As for storage capacity, our review unit was a 32GB variant but there is also a 64GB and 128GB version (note that the 128GB version in South Africa does not have the ceramic body) for those that may feel the lack of a microSD card is egregious.
The fingerprint scanner housed in the “Home” button is snappy but doesn’t unlock at a touch. The unlock button or home button needs to be pressed first and but once the fingerprint scan starts it completes faster than you can blink.
Xiaomi Mi 5 review: Raw power
Powering the beastly innards of the Mi 5 is a 3 000mAh battery which gives you a full day (15 hours) of use with Wifi and Bluetooth on and the screen set to 100% brightness.
Once you start abusing the battery however you’ll notice it start to drain rather quickly. We clocked in a time of 9 hours which isn’t bad, though it isn’t the best we’ve seen.
Like the LG G5, the Mi 5 uses a USB 3.1 Type C to juice the battery up from the wall. There are two problems here. The first is that you will need to carry the cable around with you until more manufacturers make the switch to this connector type.
The second is that you will absolutely need a 5V/2A charger plug if you want the handset to charge at any speed faster than an elephant attempting to swim through a lake of mud.
When you do charge the Mi 5 properly however, it will reach go from 0 to 100% in just over an hour and a half.
Xiaomi Mi 5 review: See Mi
At the back of the handset is a 16MP snapper with an F/2.0 aperture which is meant to improve low light photos. The key here though is “low” light. You absolutely need some sort of overhead, or natural light to make images taken in the dark acceptable.

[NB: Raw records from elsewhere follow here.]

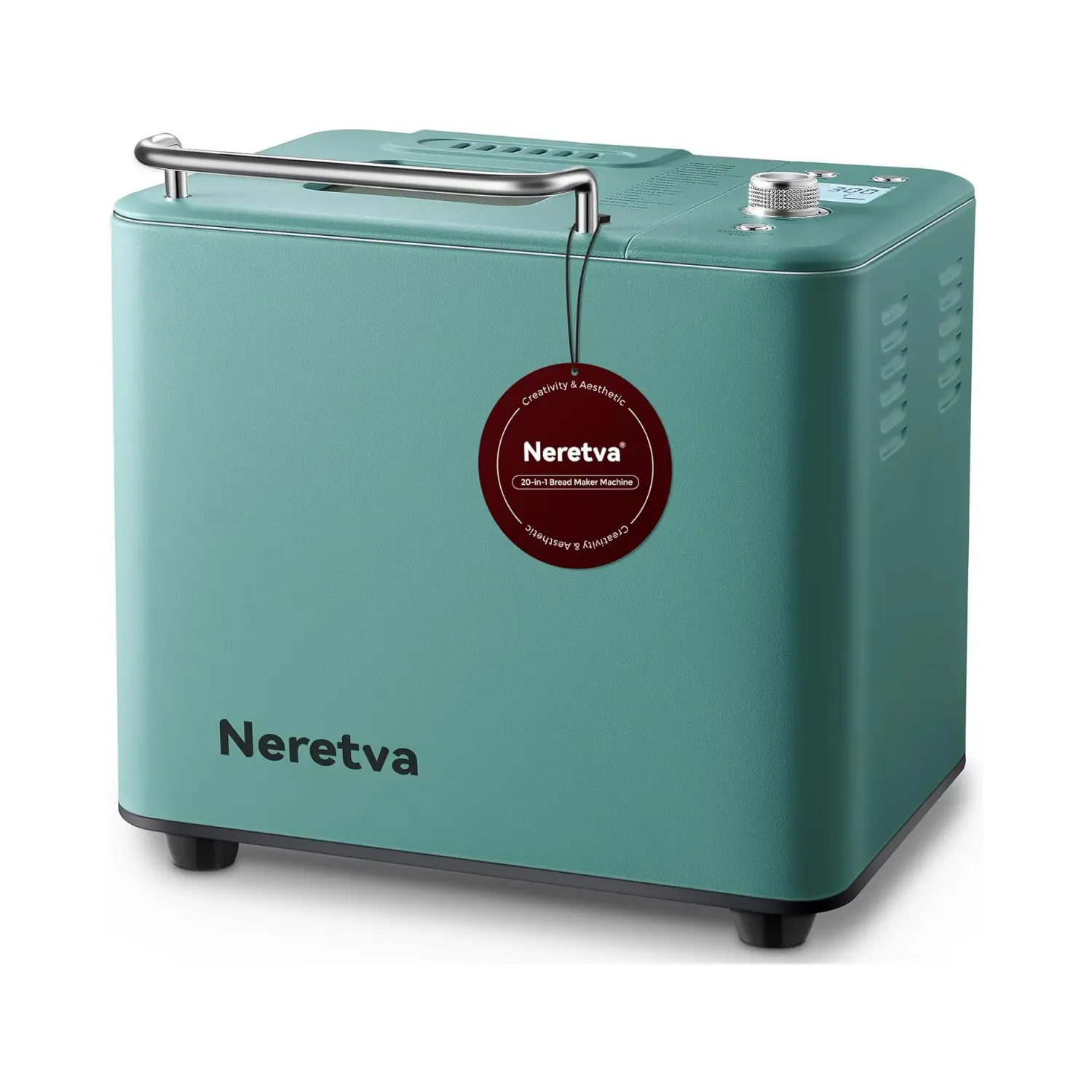 Neretva Bread Maker, 20-IN-1 2LB Bread Machine Dual Heater Bread Maker Machine Automatic with Nonstick Ceramic Pan, 15H Timer & 1H Keep Warm Set, Low Noise, Stainless Steel Breadmaker Recipe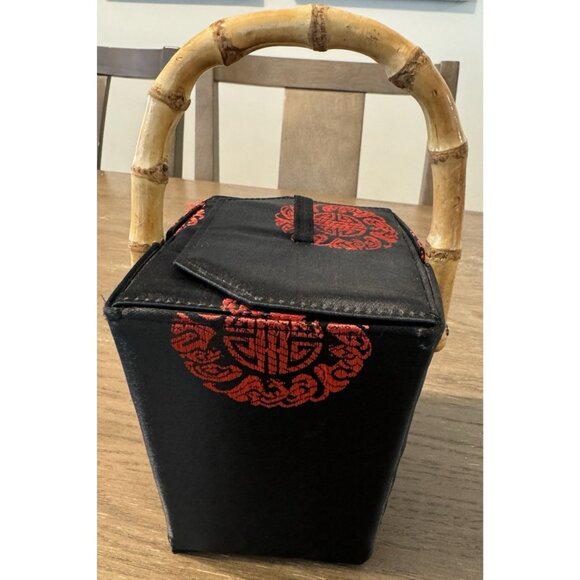 Tozai Handbags - Vintage Tozai Chinese Takeout Box Purse Black & Red Satin-Bamboo Top Handle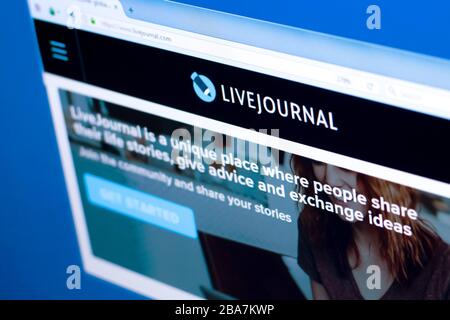 Ryazan, Russie - 28 mars 2018 - Page d'accueil de LiveJournal blogging plate-forme sur l'affichage de PC Banque D'Images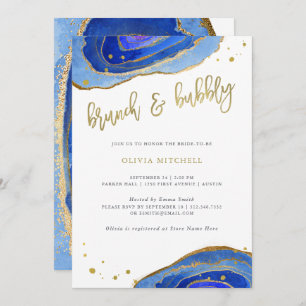 Aquarell blaues Geode mit GoldBrunch und sprudelnd Einladung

The front facing 4MP shooter is a bit on the weak side, but in good lighting conditions your snaps will be worthy of a spot on your Instagram feed.
Video was a bit of a hit and miss for us. In low-light the footage is grainy and even in proper light the focus shifts far too much for our liking. That said you can record slow-motion video that works really well, and 4K video at 30 frames a second.
You can judge the quality of the camera in our gallery below.
Xiaomi Mi 5 review: A word about the design
For the most part the design of a phone has become rather humdrum but the Xiaomi has a quirk that we feel is worth pointing out.
The back of the phone is covered in glass which means that if the surface you put the handset on is not perfectly level it’s going to start sliding around. This goes for your bedside table, your desk at work and even the couch.
This means a rear cover is absolutely vital, so factor that into your buying decision.
Xiaomi Mi 5 review: Conclusion
There is good chance that with this being the third Xiaomi review I’ve done that has been largely postive that the cries of “fanboi” will creep through the internet.
The fact of the matter though, is that this is a damned good phone, and it costs R7 999 which is astounding when you consider the next best phone is the LG G5 which is R13 999.
Perhaps the battery could have been a bit bigger and maybe opting for an octa-core rather than a quad-core could have pushed the Mi to the top of our charts but don’t take that as us complaining.
Smartphones like this make us get us excited because it shows that you don’t need to drop a month’s salary on a smartphone because you need absolutely mad performance.
It may not be hold the prestige of the Samsung Galaxy S7 edge, but in my opinion the Mi 5 is hands-down the best smartphone you can get today for under R10 000, and I have a feeling the only time that’s going to change, is when Xiaomi announces another flagship.